Jesse Bergquist (19)
Molenaar of the Arend

The training is considered tough. The MIO (Molenaar in training) must know the history and technology of the mill, but also weather and all kinds of safety requirements, plus 150 practical hours in all seasons and keeping a logbook. “But if you have been doing it from an early age, it is not difficult,” says Bergquist. “As a miller you have to know what you are doing, but there is also feeling. If you get to know a mill, it becomes an extension of yourself, as it were. Then it is almost as if he lives. “

The water mill of Elsloo in South Limburg is fed by a stream from a marl plateau. Always enough water, except for a lot of rain, the lock must open, says Molenaar Belinda Bakkes (49), clerk at the municipality of Maasgouw. Her girlfriend, Liesbeth Van Binnebeke (55), did the double miller’s training: wind and water. “The miller where Liesbeth followed practical lessons, said to me,” Here, try it “and then I was sold,” says Bakkes. Last weekend both women each received two diplomas. But they spend most of the time on ‘their’ mill with the wheel on the stream. “You don’t have to look at the air all the time either.”

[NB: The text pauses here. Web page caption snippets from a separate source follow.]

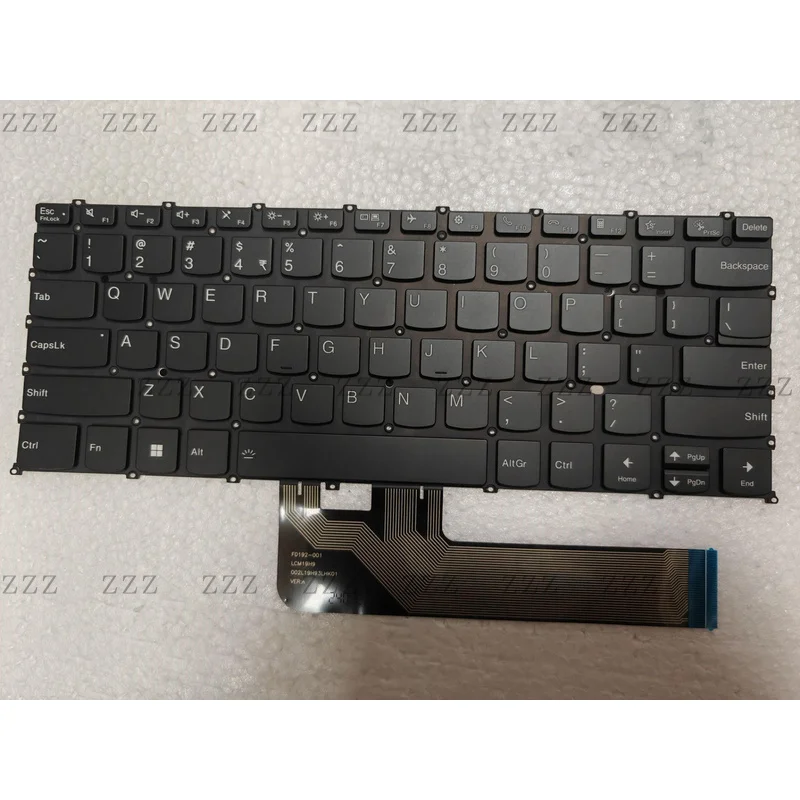 ZZ US black Keyboard For LENOVO IdeaPad 3-14ADA6 3-14ALC6 3-14ITL6 with BACKLIT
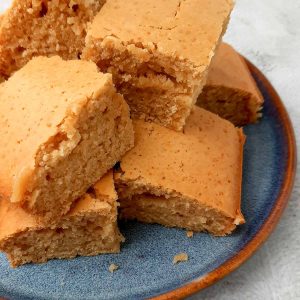 Close up of cornbread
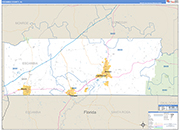 Escambia County Wall Map Basic Style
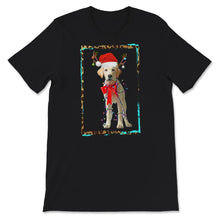 Load image into Gallery viewer, Happy Holidays Shirt, Labrador Retriever Christmas Tee, Santa
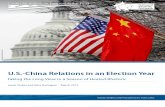 U.S.-China Relations in an Election Year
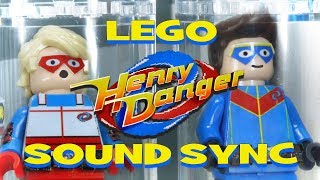 Lego Henry Danger Theme Song Parody Sound Sync [upl. by Anirdna356]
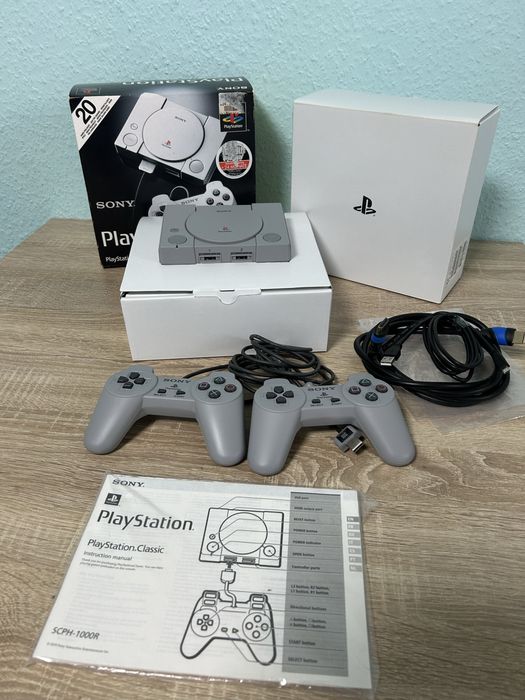 #1461 playstation classic ps1 psx scph-1000r konsola gta resident tekk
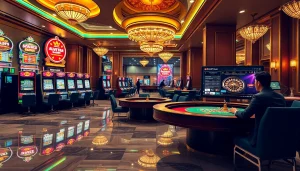 Experience the thrill of online gambling at af88.com with luxurious casino elements.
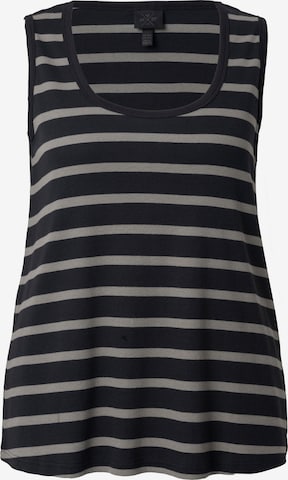 Ulla Popken Top in Schwarz: Vorderseite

The ground flour is taken care of In a bag by Molenaar Jesse in ‘t Veld.
Photo Bram Petraeus
Again part van de Molen.
Photo Bram Petraeus

Thin through the pants

Always an eye to the sky, says Cornelis Dekker in Puttershoek. His ‘own’ mill, De Windlust in Goudswaard, is from 1694 and the oldest in the region. “Before you start sailing, you always think: what do the clouds say, what does the barometer do? And then it can change in five minutes. “

If you are too late with a rapid change in the wind direction, the mill can suddenly start running the other way around and the ‘catch’ – a kind of drum brake in the hood – no longer works. “You have to control the mill, not the other way around,” says Wim van der Giesen, miller of the Good Hope in Mijnsheerenland. “You have to learn that, and the best learning school is that it went thin at least once thinly.”

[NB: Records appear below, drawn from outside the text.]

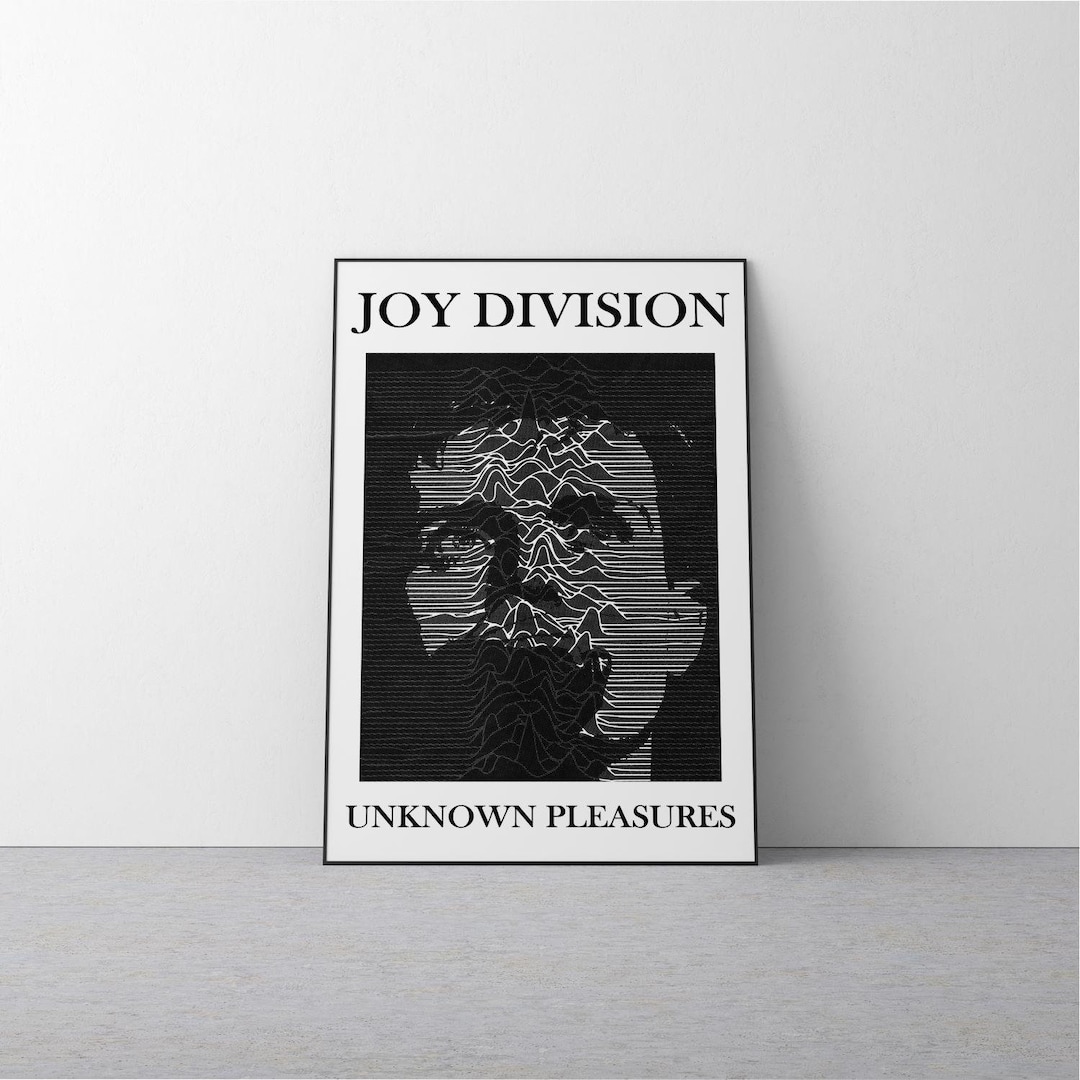 Joy Division Unknown Pleasures Poster | Post Punk Goth Rock Wall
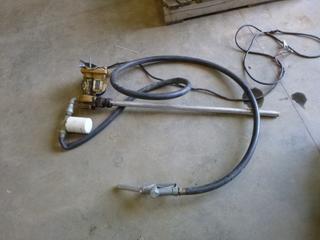 12 Volt DC Pump Series SD1200, Model BU-695253C/w Hose and Nozzle (Fichtenberg/Higher Ground Acreage Dispersal)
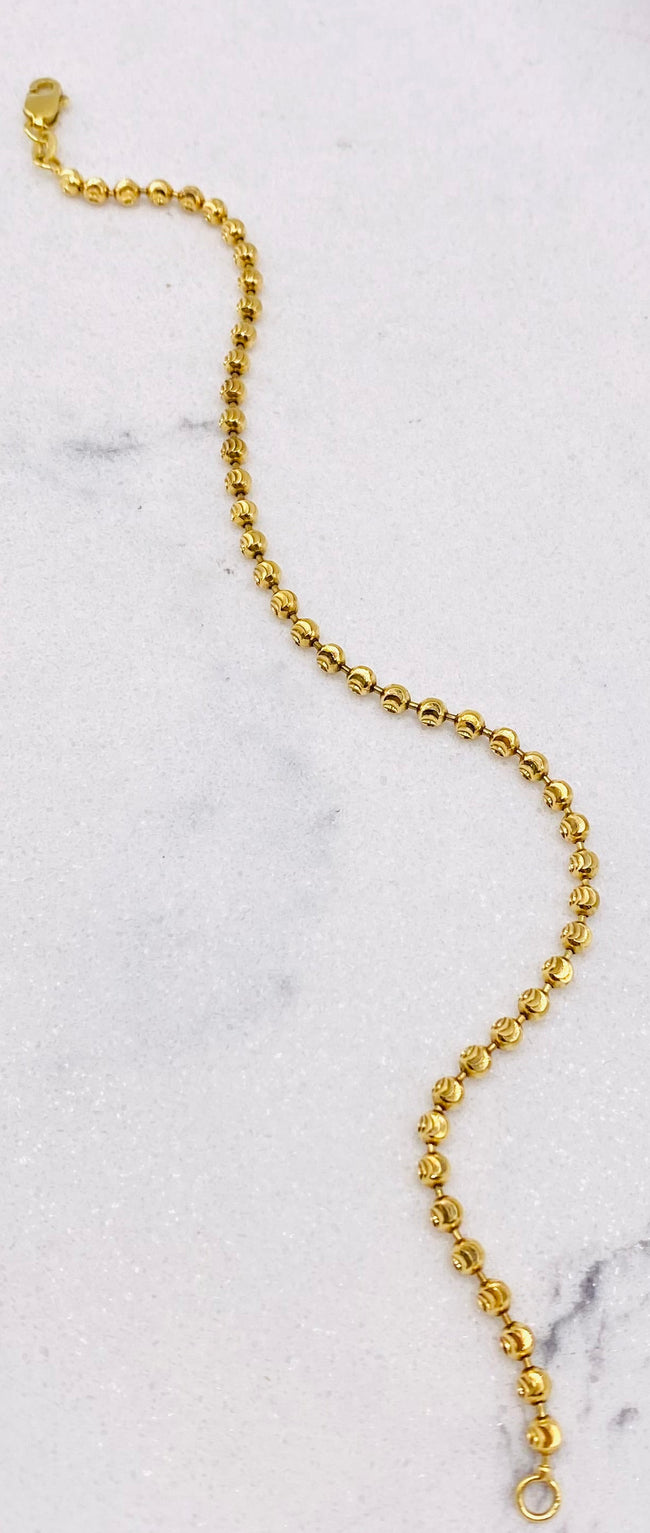 Guillo luna 14k, 22cm x 3mm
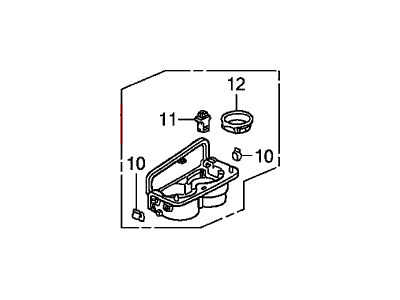 Honda 77230-SV4-A32ZL Holder Assembly, Cup (Mild Beige)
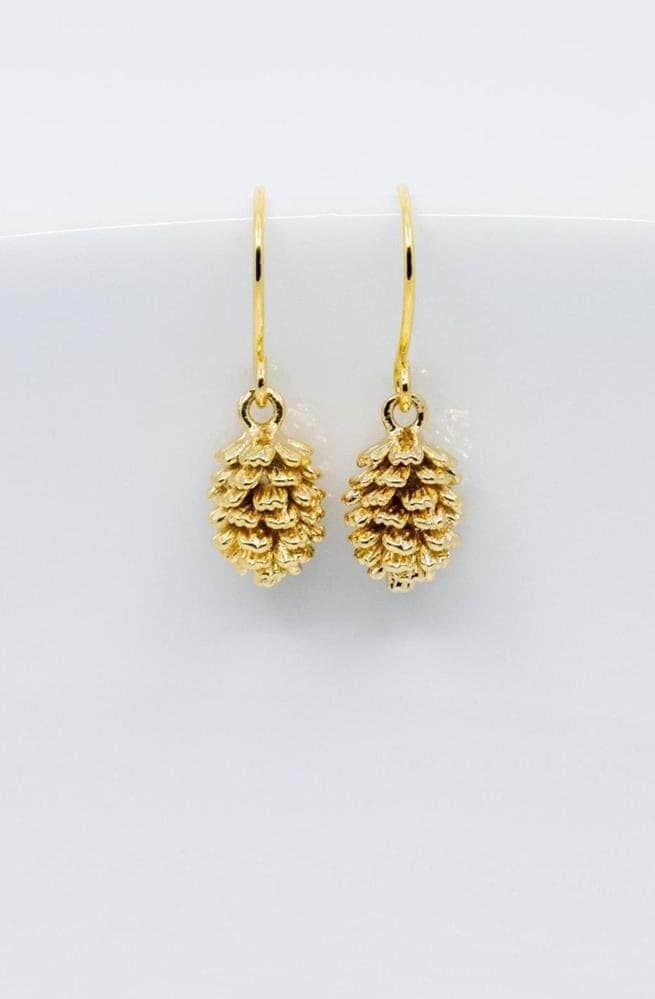 Ohrringe Vergoldet Tannenzapfen von CataleaJewelry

All wheat that the lily processes is brought from Zeeland and brought to the mill by sailing cargo ship – the Tjalk Vrijbuiter – from Zeeland. None, or not just a tourist gimmick, but “a serious attempt to breathe new life into a fossiless chain of crafts,” says in ‘t Veld. He received a heritage prize for it last year. In a world where everything comes from far and everything has to be ‘now’, his mill is a resting point. And of course it helps that none of the new millers only have to live off the wind.

The last wheat has run through the grinding stones. In ‘t Veld, the blades stop, in the’ Little Rest ‘stand (Straight Cross). There is also a ‘great peace’ (Andreaskruis). But tomorrow he has to turn again.

A miniature of a mill In a window frame.
Photo Bram Petraeus

Read also

Why does an old mill have four wicks and a wind turbine only three?